SHOT IN THE FOOT
ARGYLE head coach Paul Mariner admitted his side had shot themselves in the foot after the Pilgrims went down 2-0 at Queens Park Rangers on Tuesday night.
A first-half penalty from Adel Taarabt followed by centre-back Damion Stewart's set-piece header three minutes after the break proved Argyle's undoing as they try to raise themselves out of Championship relegation trouble.
The spot-kick was awarded after Kári Árnason's soft foul on Tamas Priskin and Paul said: "It was a poor penalty to give away at that stage of the game.
"There was nothing in the game. [QPR] had a lot of possession in front of us but nothing really hurting us. We conceded a goal at the wrong time.

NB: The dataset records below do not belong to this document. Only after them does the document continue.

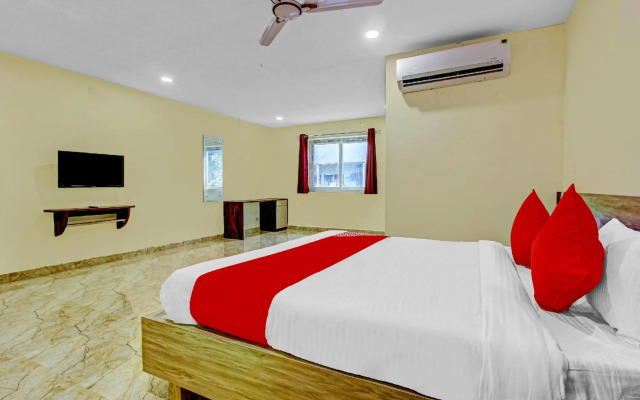 AB7 Residency by OYO Rooms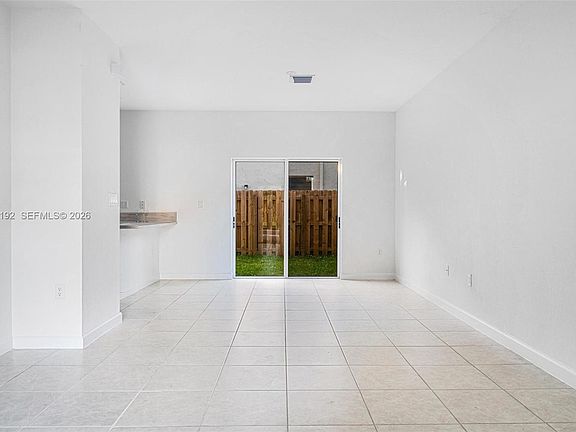 4th image of 2649 SE 13th St #2649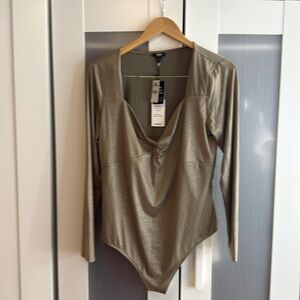 NWT Express Body Contour with Compression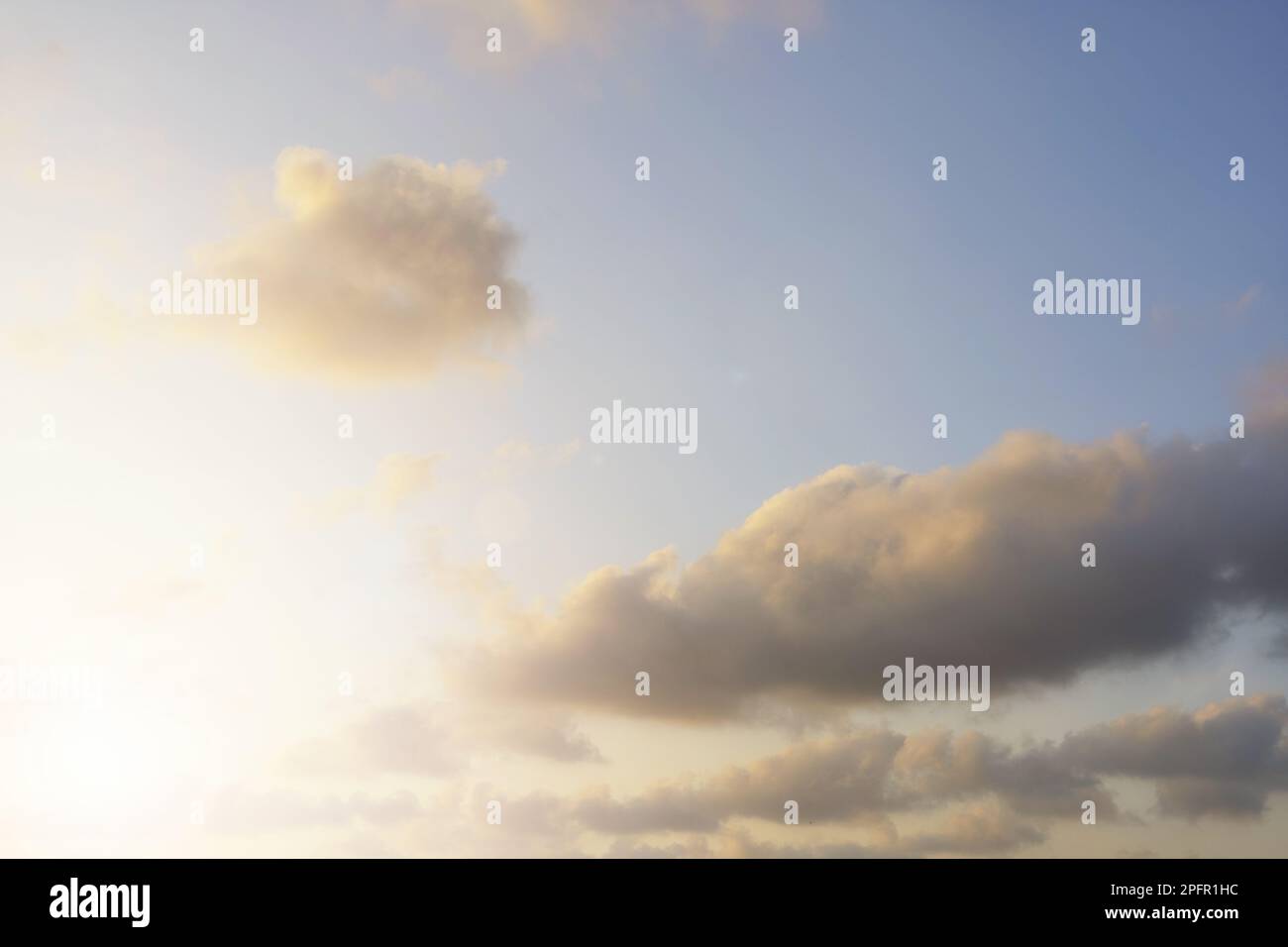 Été bleu ciel nuage dégradé lumière blanc fond. Beauté clair ciel nuageux au soleil calme lumineux hiver air bacirez. Sombre paysage cyan vif i Banque D'Images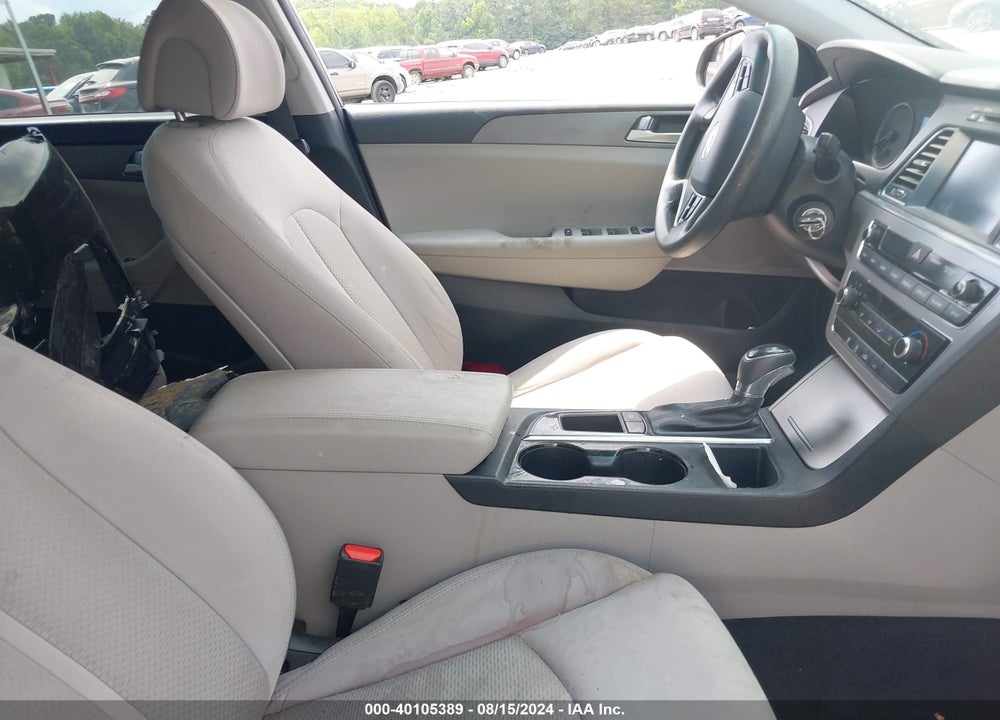 2016 HYUNDAI SONATA SE VIN: 5NPE24AF5GH328117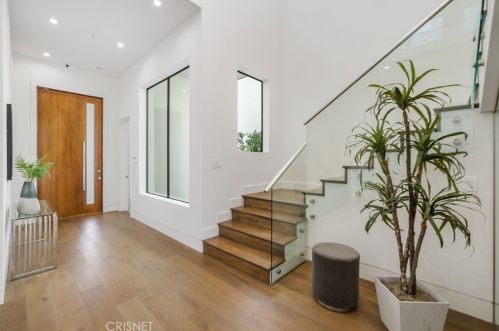 5128 Noble Ave, Van Nuys CA  91403-1376 exterior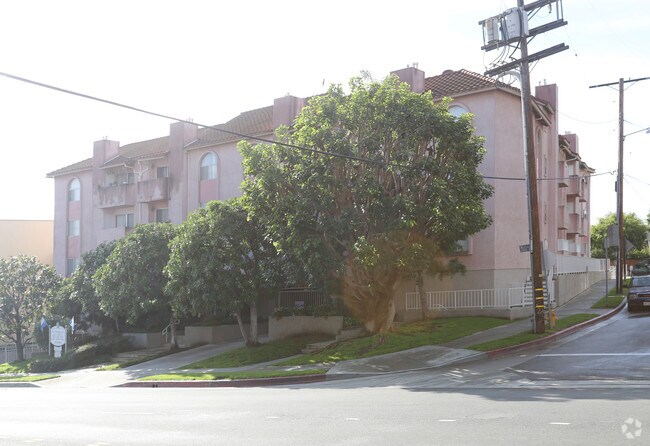 Primary Photo - 10520 National Blvd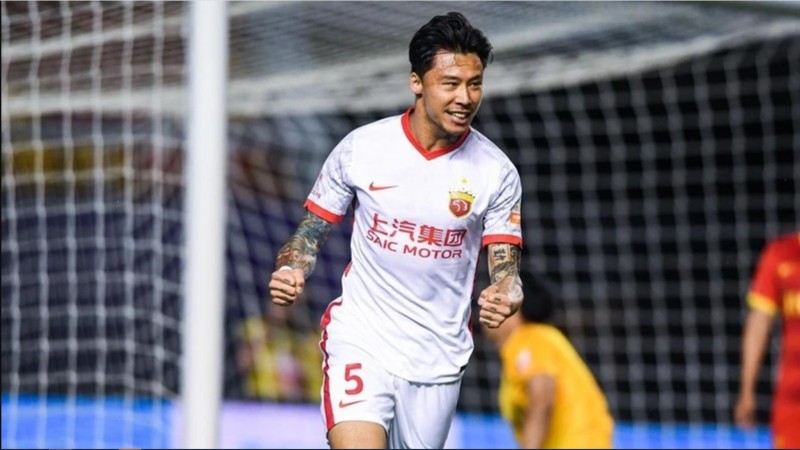 中超-奥斯卡复出恩迪亚耶空门不进 上海海港2-1河北队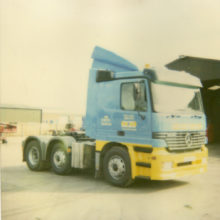 This Mercedes Actros belonged to sandbach commercial dismantlers; we supplied and fitted tipping equipment for it. We also serviced and maintained this vehicle year after year.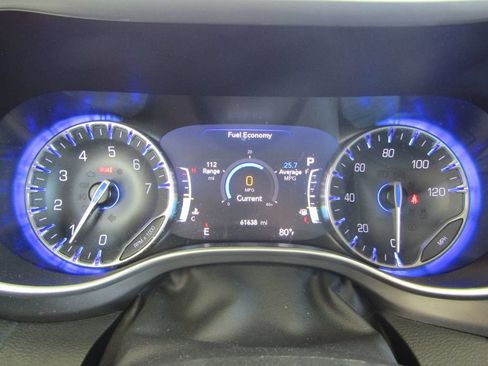 Used 2023 Chrysler Pacifica Touring-L FWD image 26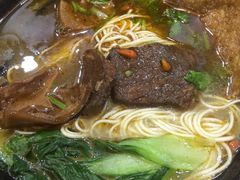 -志权牛肉面(灵山路店)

"Then, when you readjust, and try and change it up a little bit, we concede a goal after 48 minutes. We did that last week [at Sheffield United].
"A ball going into the box to the far post - you see that every five minutes in this league and for somebody to have a free header at the far post is unacceptable.
"A team in our position can't keep doing it. We can't keep shooting ourselves in the foot.
"Two-nil's a dodgy lead - everyone knows that in football - [but] we just couldn't crack a very, very strong well-marshalled QPR defence."
Paul and his assistant John Carver now have to raise their players for Saturday's visit to Coventry, and somehow put together a run to lift the club out of the bottom three.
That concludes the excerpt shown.